Like a match dropped on oil, this appeal to mankind for spiritual and temporal authority, fired the fanaticism of the Arabs, and like a mighty conflagration they swept over the northern states of Africa, and formed a new and powerful empire which took the name of Saracen. This name is by mediæval Christian authors supposed to be derived from Sarai, the wife of Abraham, by others from the Arab saraca (to steal), or from the Hebrew sarak (poor), but the opinion which now prevails is that it came from the Greek sareknoi (eastern people), from which the Romans derived their word Saraceni. As they spread over Morocco, then called Mauritania, they took the name of Moors, from mauri, meaning dark. When the Arabs or Saracen conquerors invaded Spain, they were, naturally enough, called Moors, so that in Spanish history the terms Arabs, Saracens and Moors are synonymous. In the short space of eighty years after the death of Mohammed, they had passed like a fiery tornado over Northern Africa, and had extended their domains from Egypt to India and from Lisbon to Samarcand. In the meanwhile, Christianity, falling like drops of fertilizing rain, was making a fruitful harvest in Northern and Southern Europe,

In Spain, the cross confronted the crescent. Visigoths or Western Goths, who were in possession, defied the Moors for its dominion. The treachery of one man betrayed the Gothic cause. Count Julian, a Visigothic noble of Spain, irritated by the treatment he had received from his sovereign, the tyrant Roderic, secretly dispatched a messenger to Musa, the governor of Africa and invited the Moors into Spain, Roderic, more familiarly known as "The last of the Visigoths," whose tragic downfall has supplied the theme for poets, romancers and historians, was hated by his people, and during the battle, which continued seven days on the banks of the Guadalete, a portion of his forces, as had been previously arranged, deserted to the Moors.
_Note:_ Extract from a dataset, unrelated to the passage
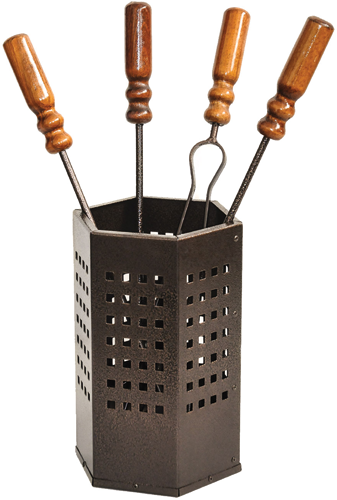 Set camino ferro battuto 5pz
The Goths were finally routed with immense slaughter, but the victory of the Moors was purchased at the expense of sixteen thousand lives. The renowned rock of Gibraltar, England's bulwark of pride since 1779, still preserves the name of the Saracen hero who took it—Gibel al-Taric, the Moorish substitute for the original, classic Calpe. Most of the Spanish towns submitted after this, without opposition, and before the end of a year the whole of Spain passed under the sway of the Moors, except a solitary corner in the northern part, Asturias, now Oviedo, where Christianity preserved a foothold. It required nearly eight hundred years to regain it from the Moslem sway.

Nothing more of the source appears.